En octobre 2022, les Etats-Unis ont annoncé de nouveaux contrôles à l'exportation visant à limiter la capacité de Pékin à acheter et fabriquer des puces haut de gamme «utilisées dans des applications militaires». La Chine a riposté fin 2022 en initiant une procédure auprès de l'Organisation mondiale du commerce (OMC) accusant Washington de mettre en péril les chaînes mondiales d'approvisionnement.

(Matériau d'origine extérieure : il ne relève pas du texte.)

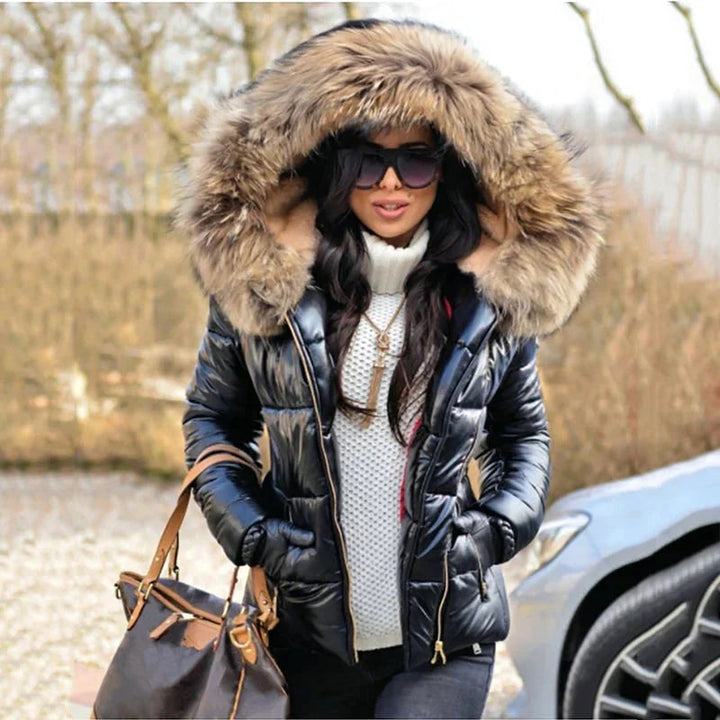 Piumino donna metallizzato, con design trapuntato e cappuccio. Eleganza e comfort per la moda invernale.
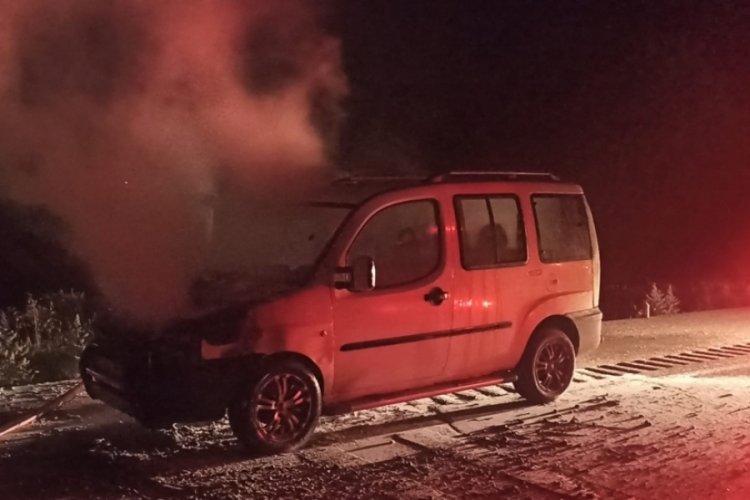 Burdur da seyir halindeki otomobil yandı Güncel Haberler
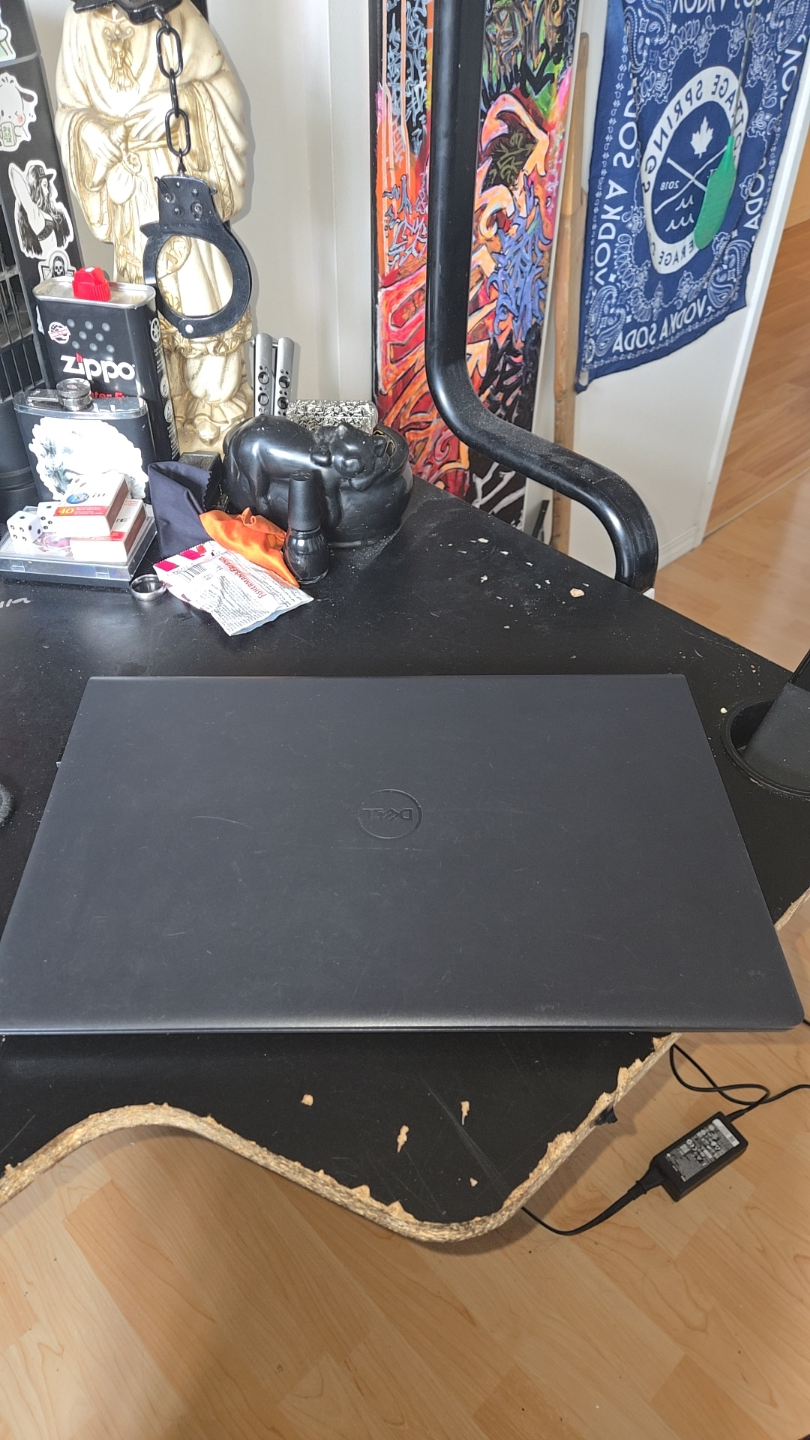 DELL laptop with touchscreen - photo 2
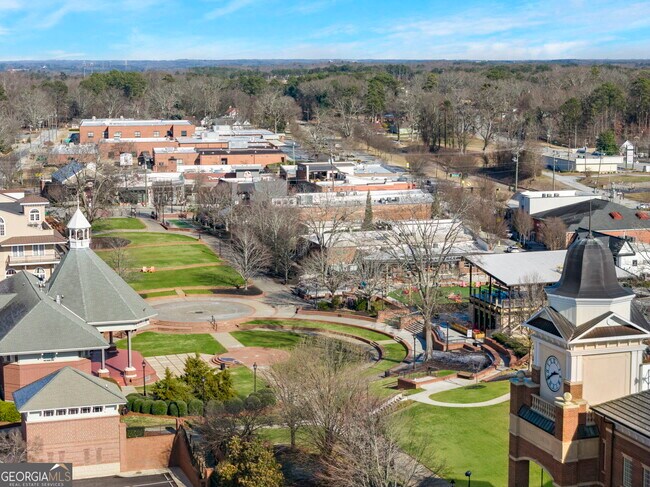 Building Photo - 3784 Pine Needle Dr NW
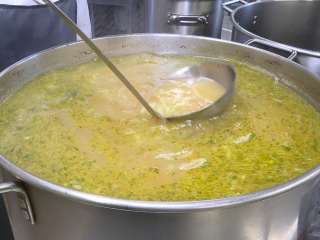 Сердечная забота: благотворительная трапезная Никольского собора согрела нуждающихся горячим обедом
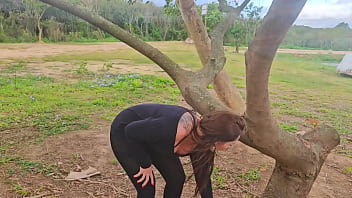 Eu estava correndo pelo parque e um estranho me levou para casa em troca de sexo no carro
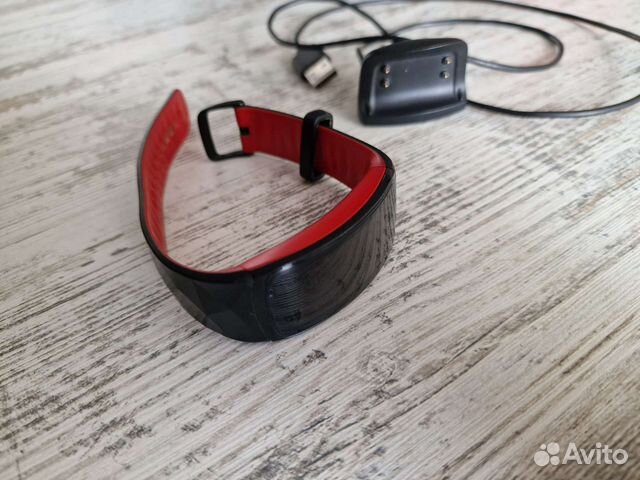 Умный браслет Samsung Gear Fit2 Pro купить в Ижевске | Личные вещи | Авито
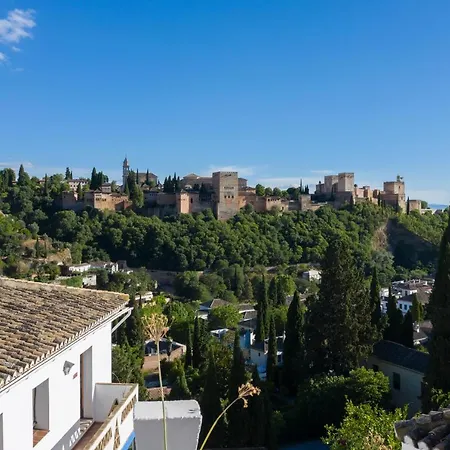 Apartment Montesclaros *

 A son tour, le Japon a annoncé qu’il compte restreindre l'exportation d'équipements de fabrication de semi-conducteurs. Mesure destinée à «prévenir le détournement de la technologie à des fins militaires», a déclaré à la presse le ministre japonais de l'Economie, Yasutoshi Nishimura, assurant qu'aucun pays n'était ciblé en particulier, fin mars 2023. 

Pour Pékin, «politiser, instrumentaliser et militariser des questions commerciales et technologiques déstabilisent artificiellement la chaîne de production et d'approvisionnement mondiale», a déclaré Mao Ning, un porte-parole du ministère chinois des Affaires étrangères. Le Japon «fait du tort aux autres, mais aussi à lui-même», a-t-il ajouté.

 De son côté, le ministre chinois des Affaires étrangères, Qin Gang, a affirmé que «le blocage ne fera que stimuler davantage la détermination de la Chine à devenir autonome». 

Il a qualifié le Japon de «laquais» de Washington. «Les Etats-Unis ont utilisé des tactiques d'intimidation pour réprimer brutalement l'industrie japonaise des semi-conducteurs, et maintenant, ils reprennent leurs anciennes ruses contre la Chine», a-t-il observé.